*What you need to do:*
Please reproduce all the data exactly as written and omit the pictures.

*Provided material:*
========================

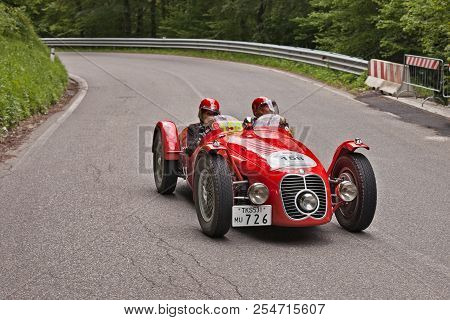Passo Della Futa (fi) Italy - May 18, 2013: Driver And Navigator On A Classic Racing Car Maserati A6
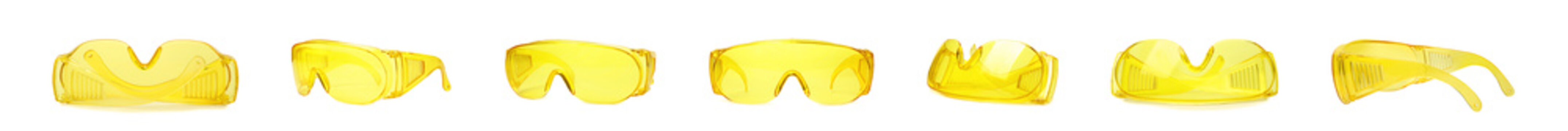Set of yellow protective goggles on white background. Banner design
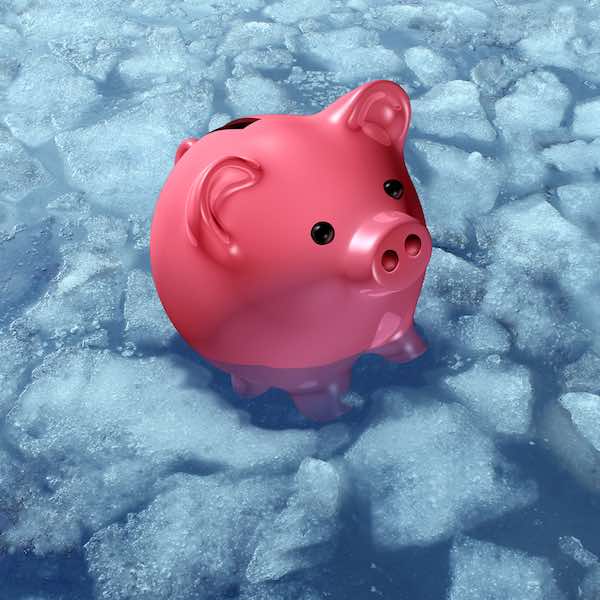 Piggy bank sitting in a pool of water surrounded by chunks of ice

========================

*Solution:*
Passo Della Futa (fi) Italy - May 18, 2013: Driver And Navigator On A Classic Racing Car Maserati A6
Set of yellow protective goggles on white background. Banner design
 Piggy bank sitting in a pool of water surrounded by chunks of ice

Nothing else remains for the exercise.